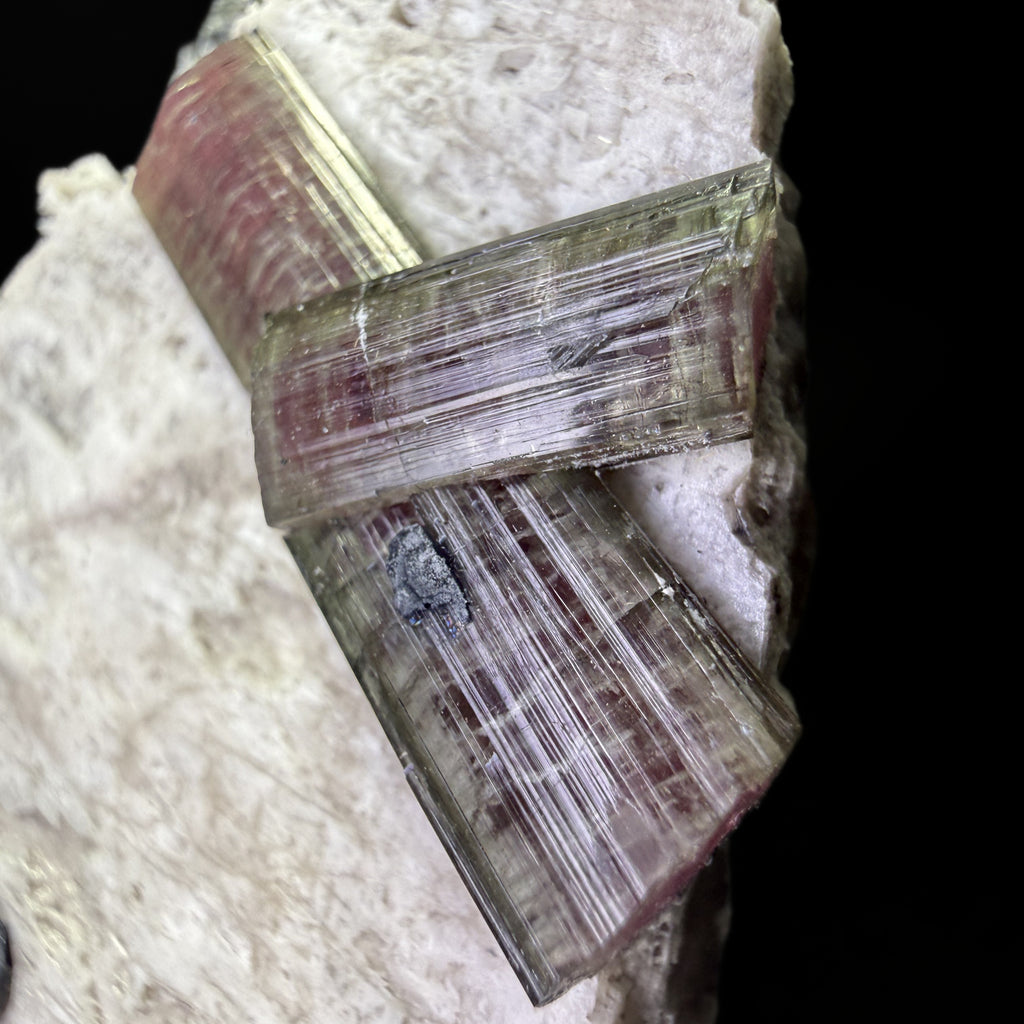 Tourmaline on Feldspar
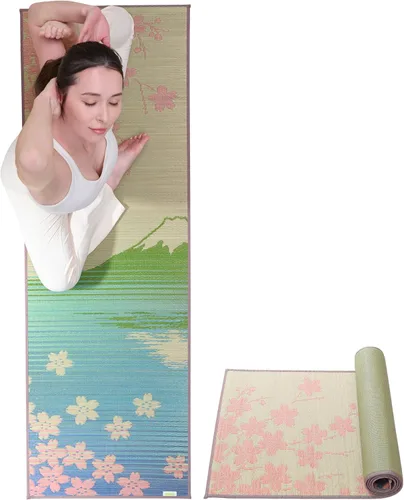 FULI Tapete de yoga japonés tatami, tapete Igusa, esterillas antideslizantes para ejercicio y fitness, pilates y entrenamientos de piso, fabricado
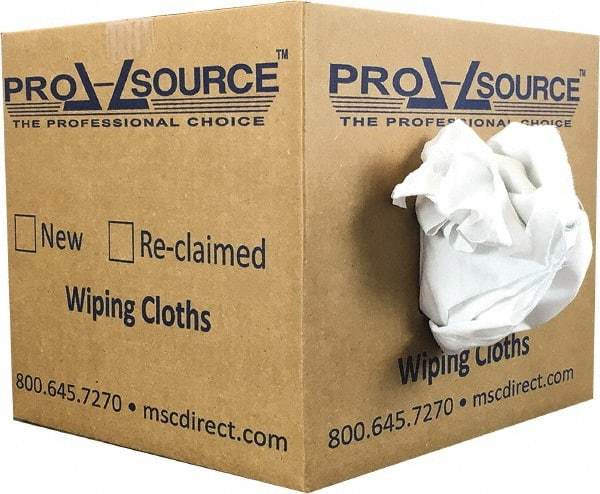 PRO-SOURCE - Cotton Reclaimed Rags - White, Sheeting, Lint Free, 10 Lbs. at 3 to 5 per Pound, Box - Apex Tool & Supply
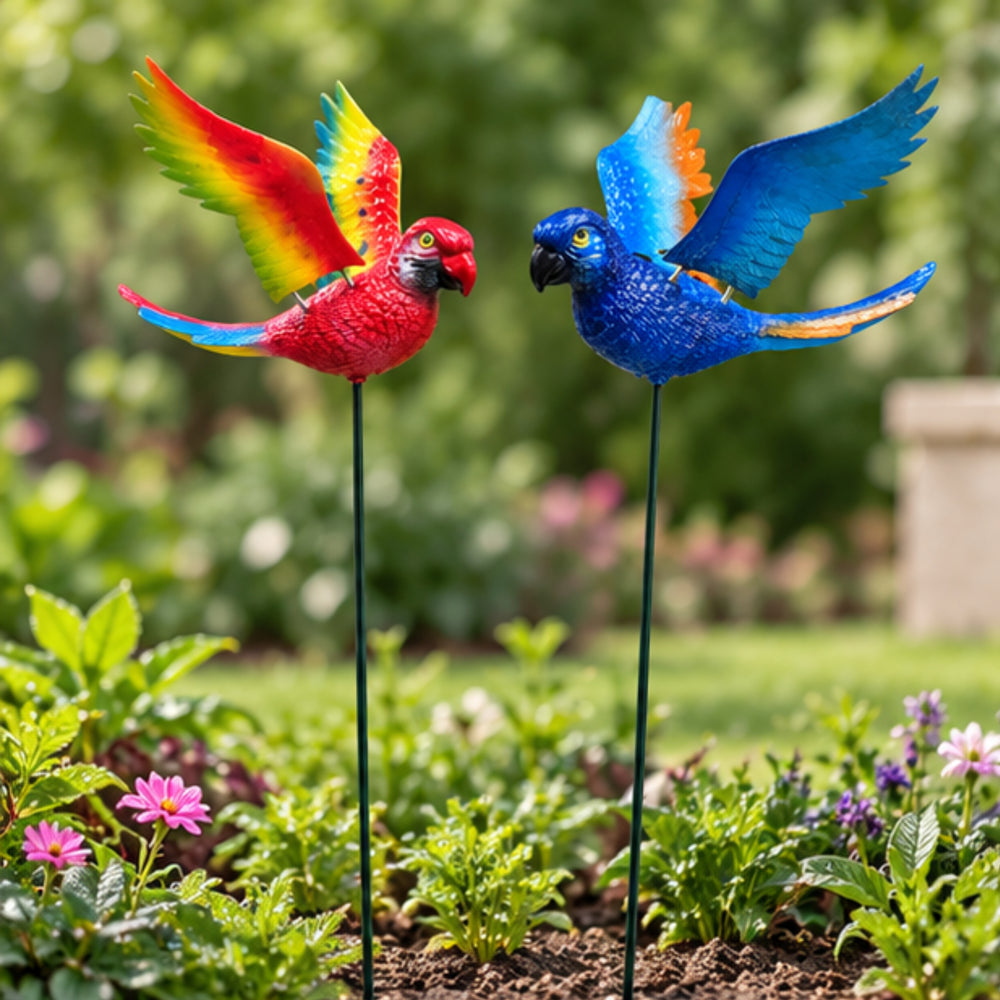 Flying Parrot Garden Stakes (Set of 2) – Blue & Red Tropical Bird Sticks with Metal Ground Stake for Lawn Borders & Patio Pots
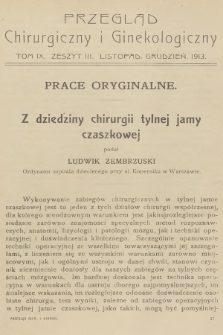 Przegląd Chirurgiczny i Ginekologiczny. T.9, 1913, Zeszyt 3
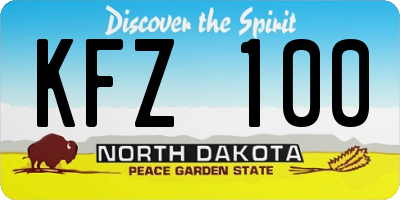 ND license plate KFZ100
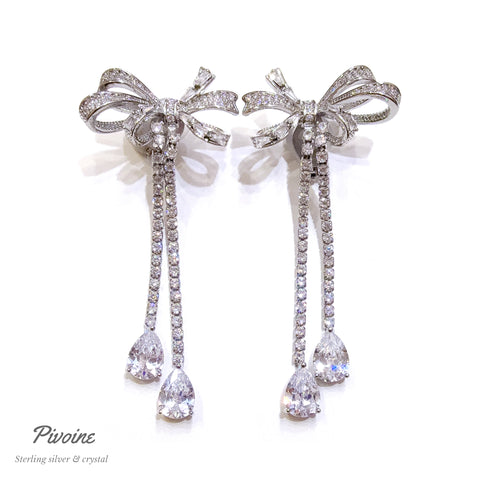 Pivoine Milano Sterling Silver and Crystal Bridal Earclips 191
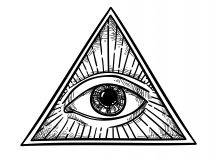 Hand drawn vector illustration - All seeing eye pyramid symbol. Freemason and spiritual. Vintage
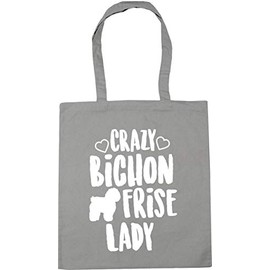 Hippowarehouse Crazy Bichon Frise Lady Tote Shopping Gym Beach Bag 42cm x38cm, 10 litres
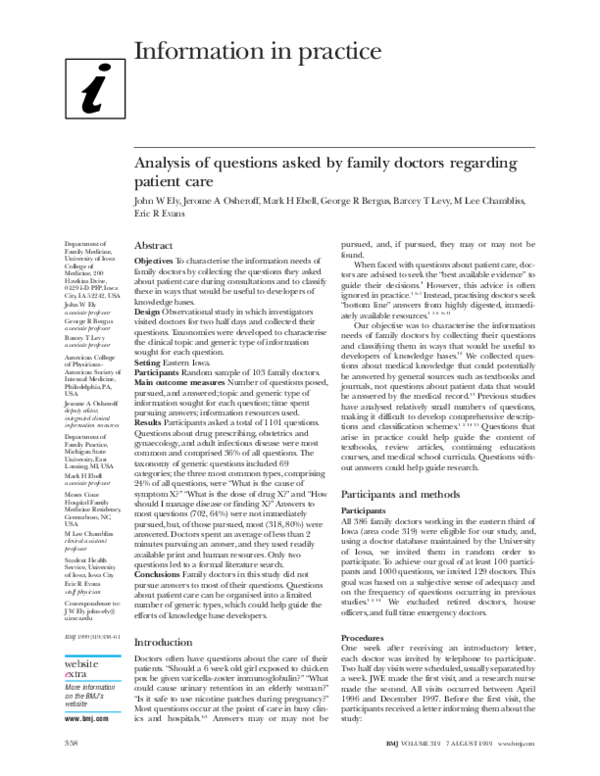 (PDF) Analysis of questions asked by family doctors regarding patient care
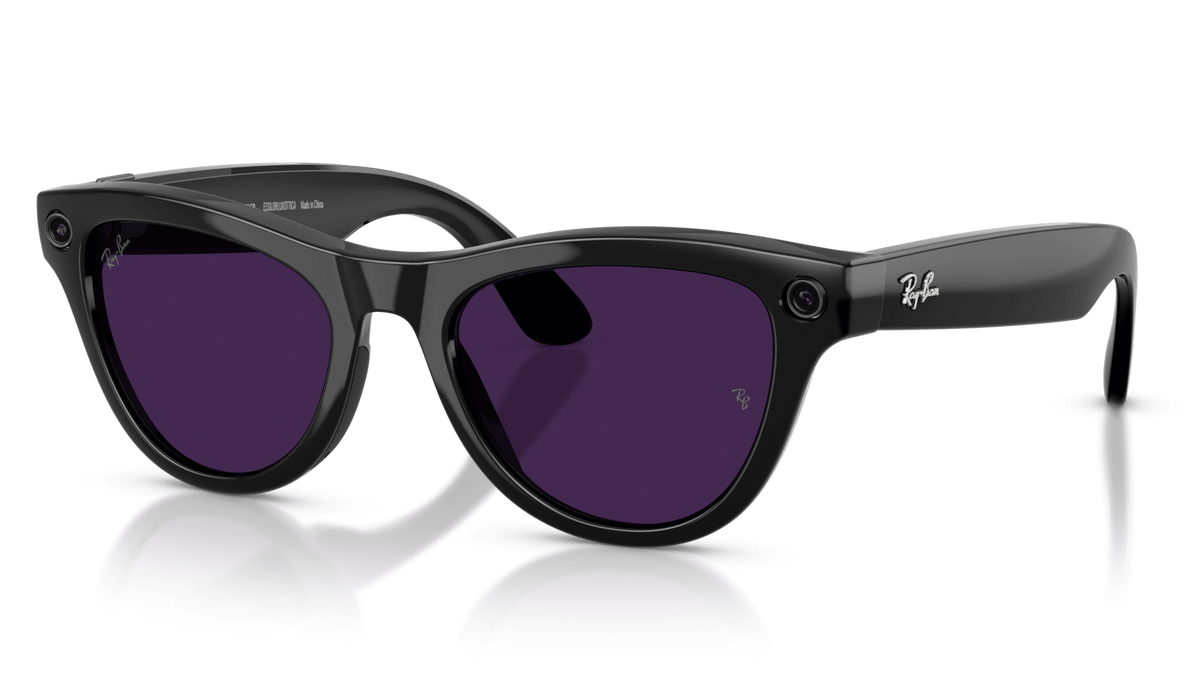 Ray-Ban | Meta Skyler Shiny Black -Transitions Gen 2  Pair of sunglasses with purple lenses on a reflective surface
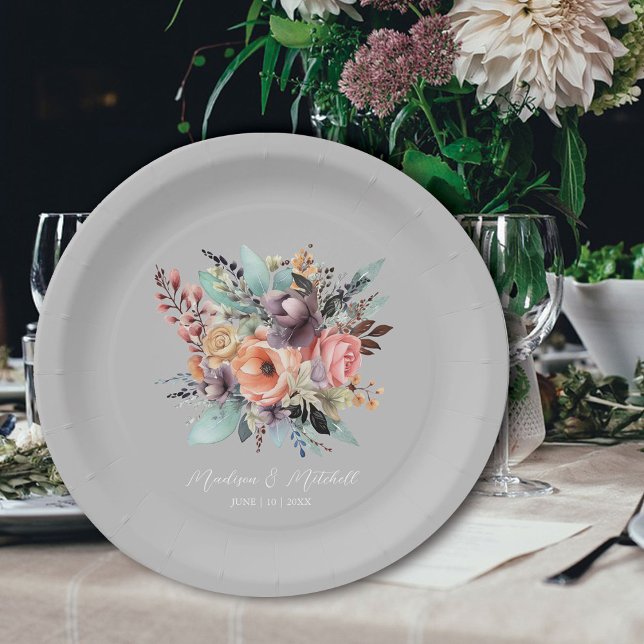 Bohemisch Floral Bouquet Wasserfarbe Pappteller (Von Creator hochgeladen)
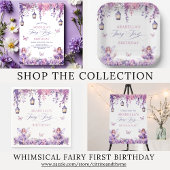 Invitation Lilac Floral Fairy Première fête d'anniversaire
+===+
An unchanged copy of the data, images excluded, is all that should be given.

- **FINISHED TASK**
 Tourmaline on Feldspar
 FULI Tapete de yoga japonés tatami, tapete Igusa, esterillas antideslizantes para ejercicio y fitness, pilates y entrenamientos de piso, fabricado
 PRO-SOURCE - Cotton Reclaimed Rags - White, Sheeting, Lint Free, 10 Lbs. at 3 to 5 per Pound, Box - Apex Tool & Supply
 Flying Parrot Garden Stakes (Set of 2) – Blue & Red Tropical Bird Sticks with Metal Ground Stake for Lawn Borders & Patio Pots
 Przegląd Chirurgiczny i Ginekologiczny. T.9, 1913, Zeszyt 3
 ND license plate KFZ100
 Pivoine Milano Sterling Silver and Crystal Bridal Earclips 191
 Hand drawn vector illustration - All seeing eye pyramid symbol. Freemason and spiritual. Vintage
 Hippowarehouse Crazy Bichon Frise Lady Tote Shopping Gym Beach Bag 42cm x38cm, 10 litres
 (PDF) Analysis of questions asked by family doctors regarding patient care
 Ray-Ban | Meta Skyler Shiny Black -Transitions Gen 2  Pair of sunglasses with purple lenses on a reflective surface
 Bohemisch Floral Bouquet Wasserfarbe Pappteller (Von Creator hochgeladen)
 Invitation Lilac Floral Fairy Première fête d'anniversaire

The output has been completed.